Caption-style text data:
- - - -
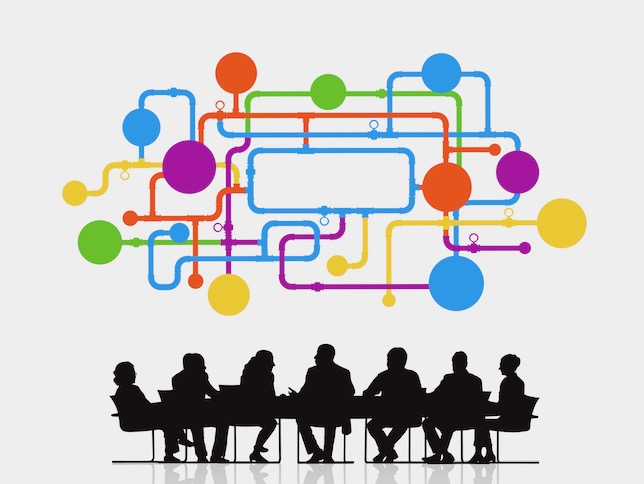 Nicolas NAMIAS devant le Comité de Groupe BPCE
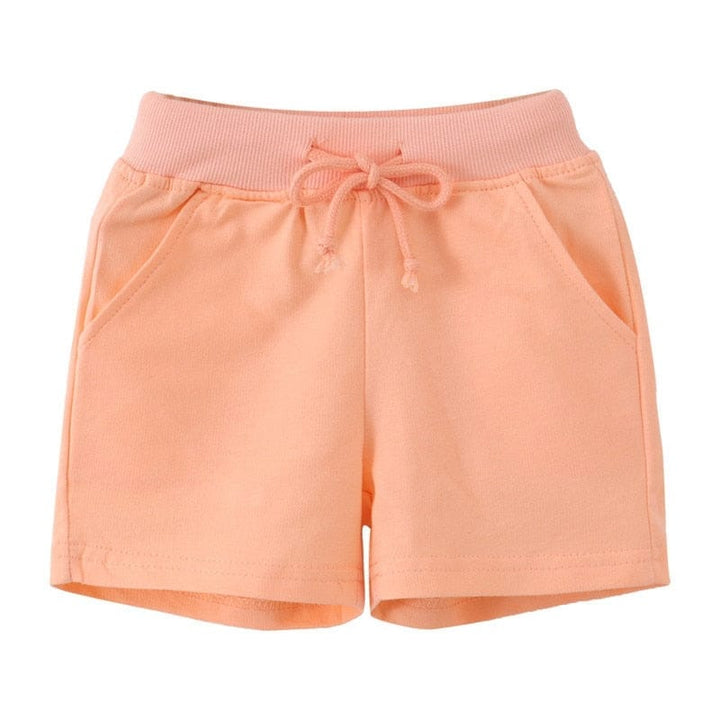 Jumping Meters New Arrival Boys Girls Shorts Animal  Cartoon Print Cars Baby Trousers Summer Pants BENNYS 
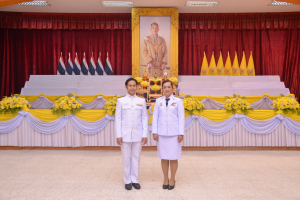 มรภ.เทพสตรี ร่วมกิจกรรมเฉลิมพระเกียรติพระบาทสมเด็จพระเจ้าอยู่หัว เนื่องในโอกาสพระราชพิธีมหามงคลเฉลิมพระชนมพรรษา 6 รอบ 28 กรกฎาคม 2567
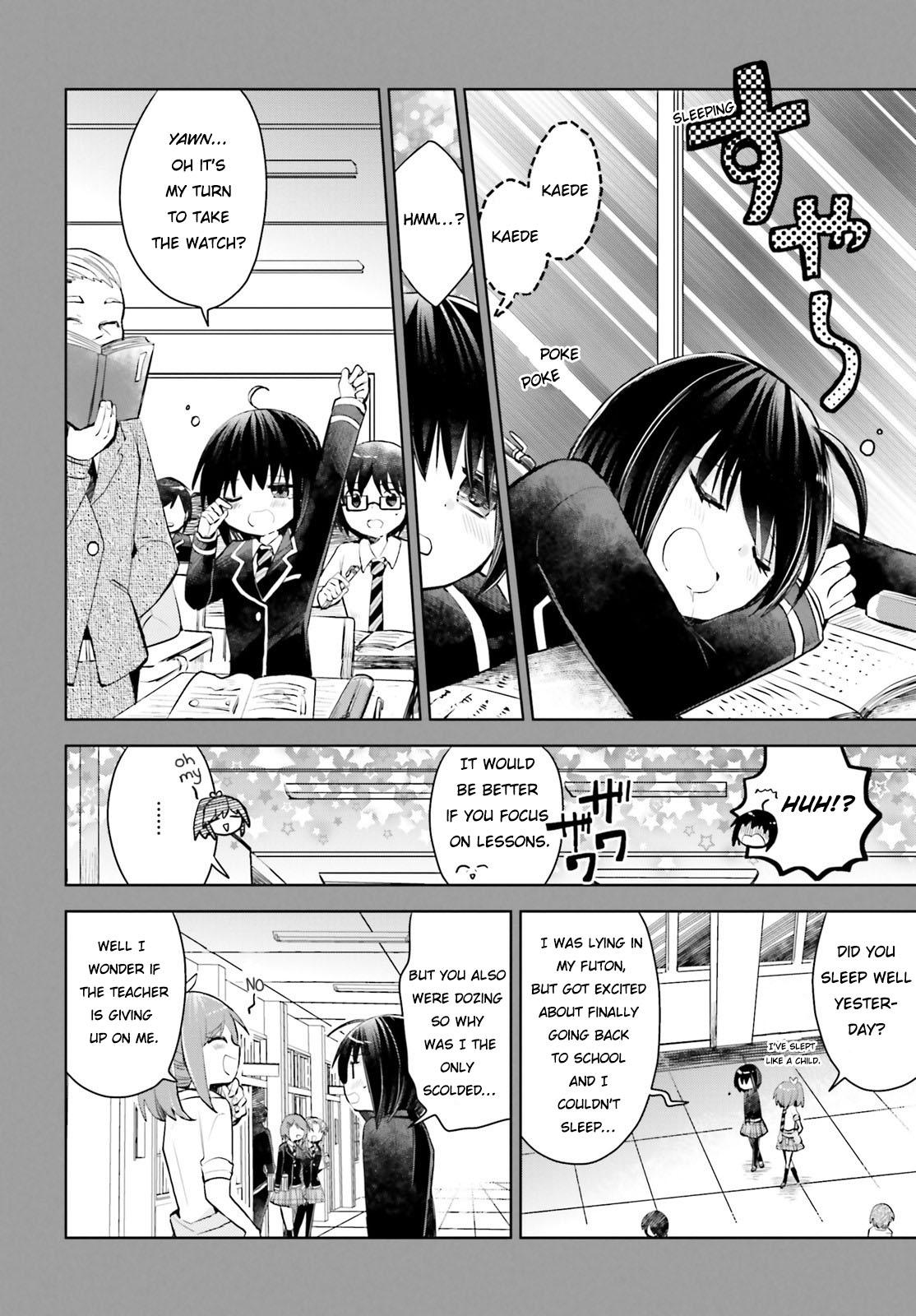 Itai no wa Iya nanode Bougyo-Ryoku ni Kyokufuri Shitai to Omoimasu Chapter 18 page 7 - Chapter 18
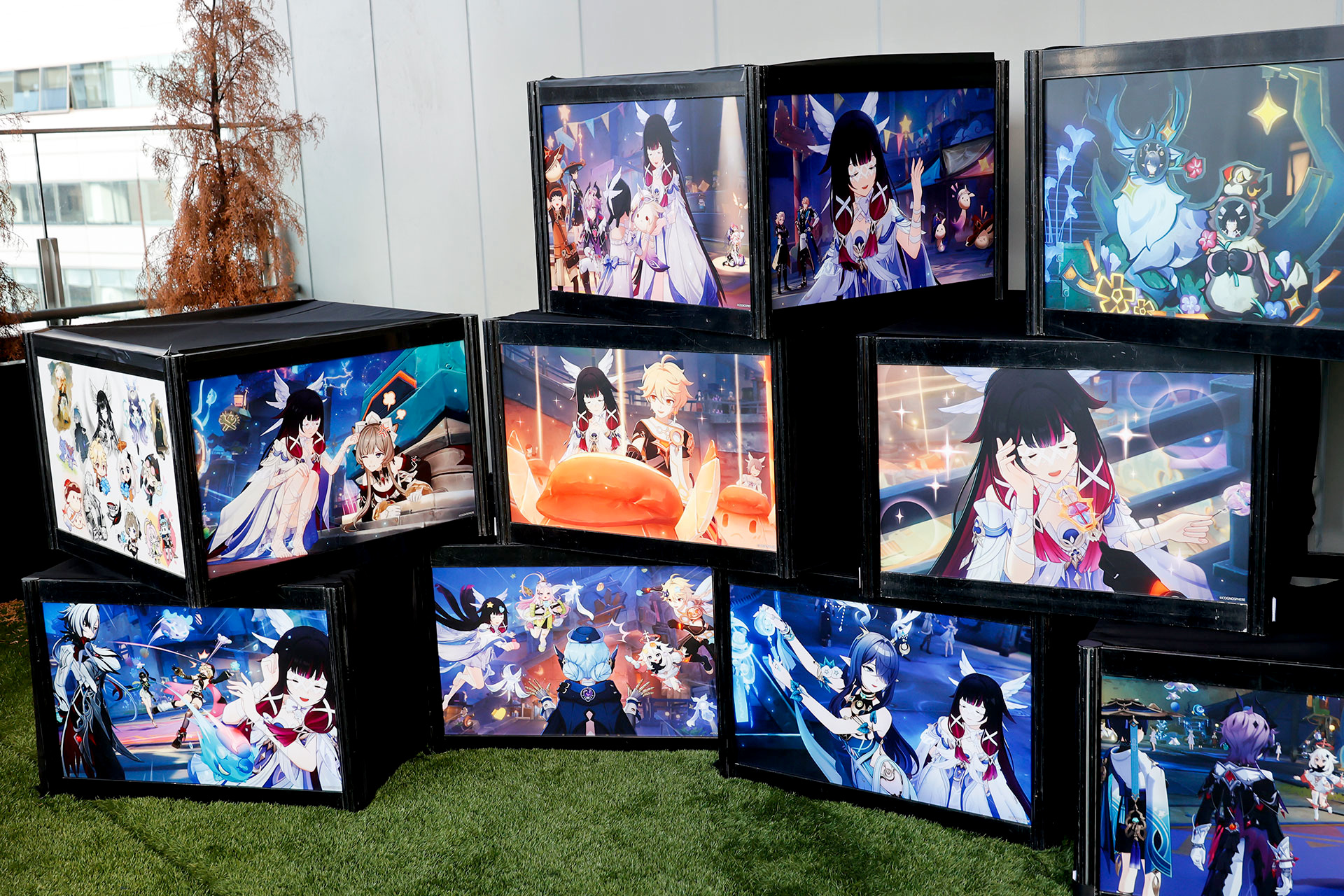 歌舞伎町に『原神』の世界が出現！ 館内中がフォトスポットと化した「月の在処へ」をレポート_011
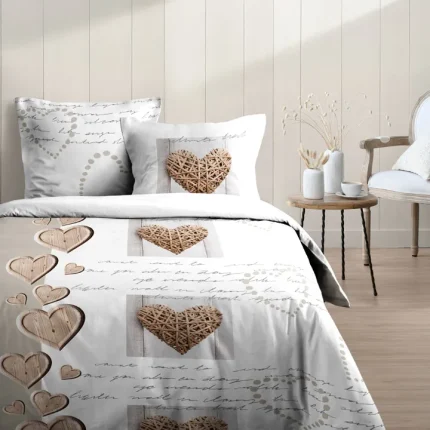 Lenjerie pat King Size 260x240 cm bumbac OEKO TEX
- - - -
▶ _Problem to work on_: Could you output all of the records exactly, without their pictures?

▶ _Solution_:
 Nicolas NAMIAS devant le Comité de Groupe BPCE
 Jumping Meters New Arrival Boys Girls Shorts Animal  Cartoon Print Cars Baby Trousers Summer Pants BENNYS 
 มรภ.เทพสตรี ร่วมกิจกรรมเฉลิมพระเกียรติพระบาทสมเด็จพระเจ้าอยู่หัว เนื่องในโอกาสพระราชพิธีมหามงคลเฉลิมพระชนมพรรษา 6 รอบ 28 กรกฎาคม 2567
 Itai no wa Iya nanode Bougyo-Ryoku ni Kyokufuri Shitai to Omoimasu Chapter 18 page 7 - Chapter 18
 歌舞伎町に『原神』の世界が出現！ 館内中がフォトスポットと化した「月の在処へ」をレポート_011
 Lenjerie pat King Size 260x240 cm bumbac OEKO TEX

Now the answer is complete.